* **Task input**
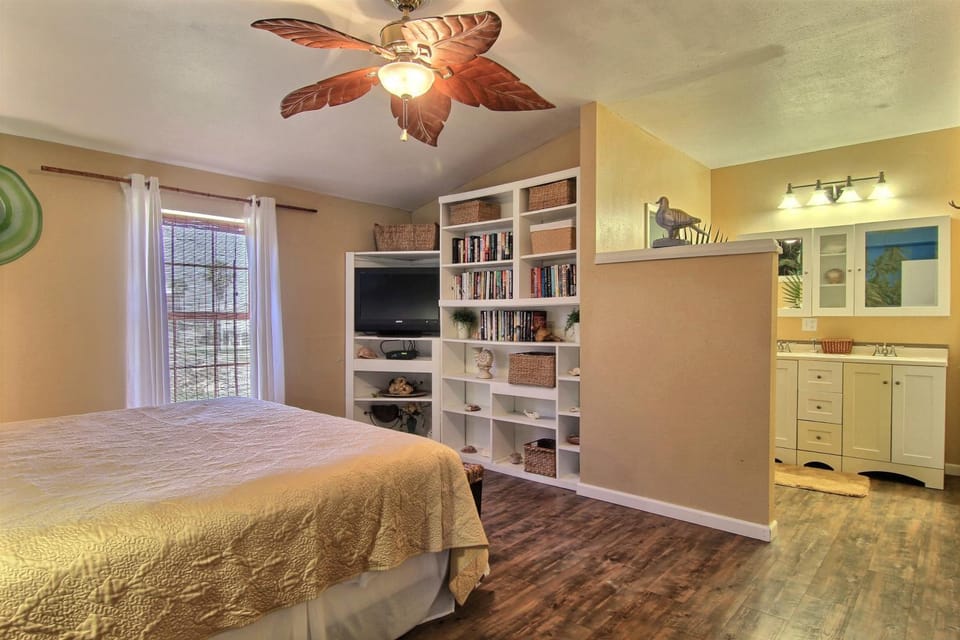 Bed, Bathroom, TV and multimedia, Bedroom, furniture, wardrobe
==
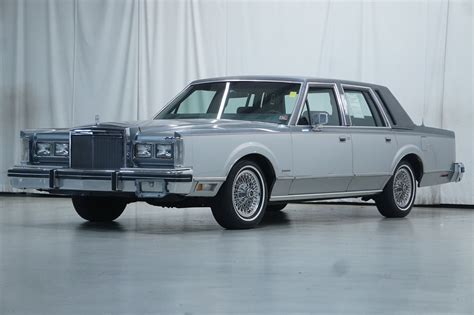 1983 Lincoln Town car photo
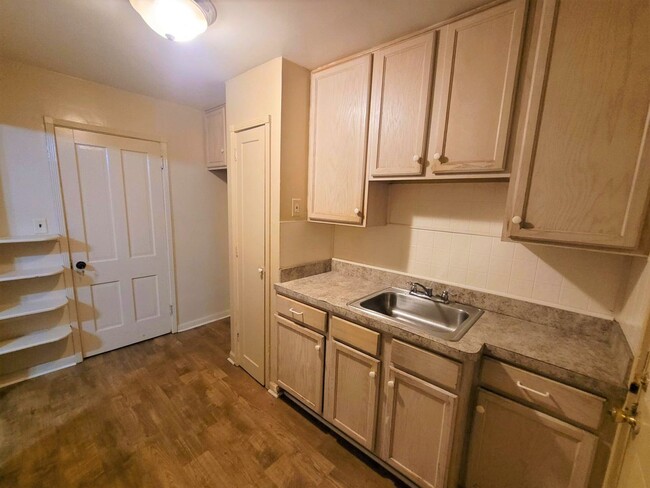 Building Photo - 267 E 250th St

* **What is expected**
Only the lines of the listing above from the one with "1983 Lincoln Town car photo" through the one with "Building Photo - 267 E 250th St" should be output, exactly, with both ends kept and pictures left out.

* **Response to the exercise**
 1983 Lincoln Town car photo
 Building Photo - 267 E 250th St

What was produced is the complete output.